# Websites for Expat events



## marvelsm (Apr 18, 2013)

Hello all, I was wondering if any of you know of websites for expats can look for events, social outings, etc. I have just arrived in Thailand as an expat and any events that expats go to would be a great help and not feel isolated.

Marvelsm


----------



## Moolor (Aug 4, 2011)

What general area of Thailand are you residing in?....
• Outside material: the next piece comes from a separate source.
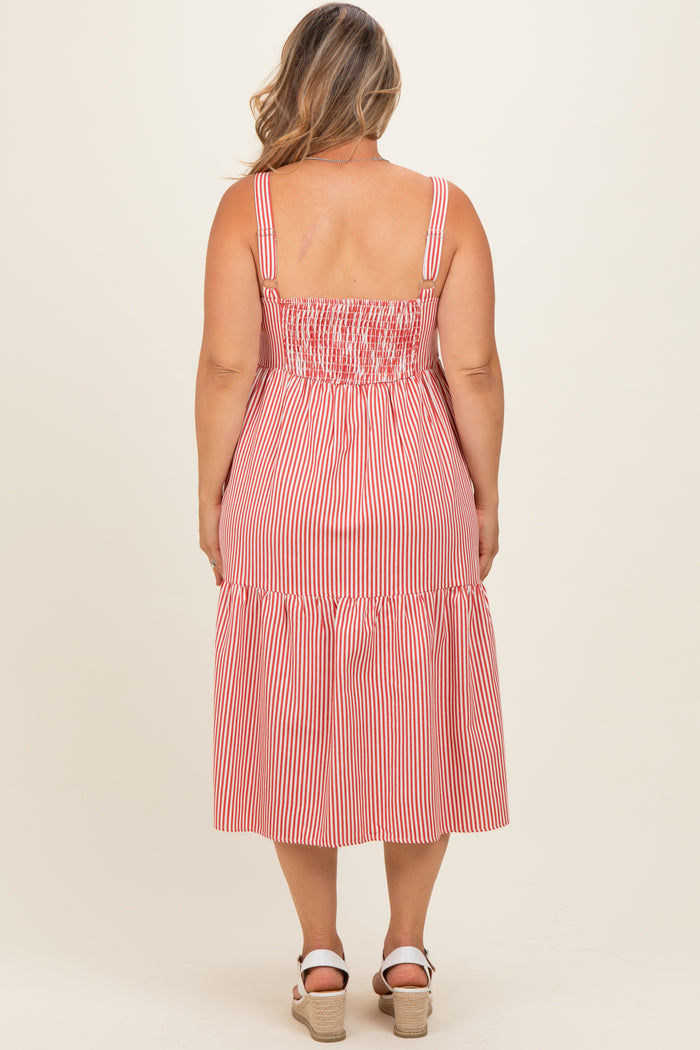 woman wearing a red and white striped maternity plus dress with a smocked bodice and tiered skirt, styled for summer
Forget that, just read your other post and see you are in Bangkok.


----------



## marvelsm (Apr 18, 2013)

Hi Moolor, yes I am in Bangkok. I understand that there are websites that expats can look at to find events such as bike riding, dinners and other social events. Any help would be greatly appreciated. Marvelsm


----------



## stednick (Oct 16, 2011)

marvelsm said:


> Hello all, I was wondering if any of you know of websites for expats can look for events, social outings, etc. I have just arrived in Thailand as an expat and any events that expats go to would be a great help and not feel isolated.
> 
> Marvelsm


Expat Meetups near Bangkok - Expat Meetups - Bangkok


----------



## marvelsm (Apr 18, 2013)

*Websites for Expat Events*

Thank you Stednick I will check that site out.
Marvelsm


----------



## joseph44 (May 4, 2011)

Expatriate Community for Expats worldwide | InterNations.org


----------



## marvelsm (Apr 18, 2013)

*Websites for Expat Events*

Thank you Joseph44, I have aready joined that site. I hear the British Club in Bangkok also has a lot of events too.


----------